I've been reading about deleting duplicate lines all over stack. There's perl, awk, and sed solutions, however none as specific as I want and I'm at a loss.
I want to delete the duplicate <path>
tags from this XML case INSENSITIVELY with a quick bash/shell perl command. Leave all other duplicate lines (like <start>
and <end>
) intact!
Input XML:
<package>
<id>1523456789</id>
<models>
<model type="A">
<start>2016-04-20</start> <------ Duplicate line to keep
<end>2017-04-20</end> <------ Duplicate line to keep
</model>
<model type="B">
<start>2016-04-20</start> <------ Duplicate line to keep
<end>2017-04-20</end> <------ Duplicate line to keep
</model>
</models>
<userinterface>
<upath>/Example/Dir/Here</upath>
<upath>/Example/Dir/Here2</upath>
<upath>/example/dir/here</upath> <------ Duplicate line to REMOVE
</userinterface>
</package>
So far I've been able to grab the duplicate lines, but don't know how to remove them.

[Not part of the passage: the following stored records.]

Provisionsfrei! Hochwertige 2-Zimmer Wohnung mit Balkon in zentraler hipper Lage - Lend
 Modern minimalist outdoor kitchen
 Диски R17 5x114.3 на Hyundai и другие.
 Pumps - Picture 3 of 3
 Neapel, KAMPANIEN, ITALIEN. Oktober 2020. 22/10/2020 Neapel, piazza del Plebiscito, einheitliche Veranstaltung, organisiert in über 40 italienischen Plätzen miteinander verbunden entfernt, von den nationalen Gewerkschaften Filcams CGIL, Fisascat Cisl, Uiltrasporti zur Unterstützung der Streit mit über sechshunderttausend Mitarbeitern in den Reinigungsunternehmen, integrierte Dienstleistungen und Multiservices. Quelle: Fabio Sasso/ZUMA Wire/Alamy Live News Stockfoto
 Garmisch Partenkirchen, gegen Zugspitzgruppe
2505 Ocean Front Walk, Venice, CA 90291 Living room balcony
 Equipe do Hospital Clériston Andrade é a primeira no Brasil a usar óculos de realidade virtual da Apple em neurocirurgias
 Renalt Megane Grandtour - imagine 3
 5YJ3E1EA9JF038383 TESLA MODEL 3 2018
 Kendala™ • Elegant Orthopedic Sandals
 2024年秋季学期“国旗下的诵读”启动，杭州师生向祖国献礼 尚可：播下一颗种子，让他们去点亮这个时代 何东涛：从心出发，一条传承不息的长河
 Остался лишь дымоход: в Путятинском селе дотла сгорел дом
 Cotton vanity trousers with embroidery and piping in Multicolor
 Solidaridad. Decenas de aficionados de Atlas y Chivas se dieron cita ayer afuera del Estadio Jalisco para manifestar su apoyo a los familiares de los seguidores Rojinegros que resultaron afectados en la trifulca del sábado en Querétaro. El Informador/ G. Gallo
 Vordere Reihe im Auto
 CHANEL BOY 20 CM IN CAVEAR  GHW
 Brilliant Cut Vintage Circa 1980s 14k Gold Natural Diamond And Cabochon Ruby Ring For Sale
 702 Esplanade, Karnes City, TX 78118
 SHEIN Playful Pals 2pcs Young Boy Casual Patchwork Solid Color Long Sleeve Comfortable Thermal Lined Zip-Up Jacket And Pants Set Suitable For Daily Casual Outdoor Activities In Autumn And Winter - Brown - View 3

The following
grep -H path *.[Xx][Mm][Ll] | sort | uniq -id
Gives the result:
test.xml: <upath>/example/dir/here</upath>
How do I remove that line now?
Doing the perl version or awk version below erases the <start>
and <end>
dates as well.
perl -i.bak -ne 'print unless $seen{lc($_)}++' test.xml
awk '!a[tolower($0)]++' test.xml > test.xml.new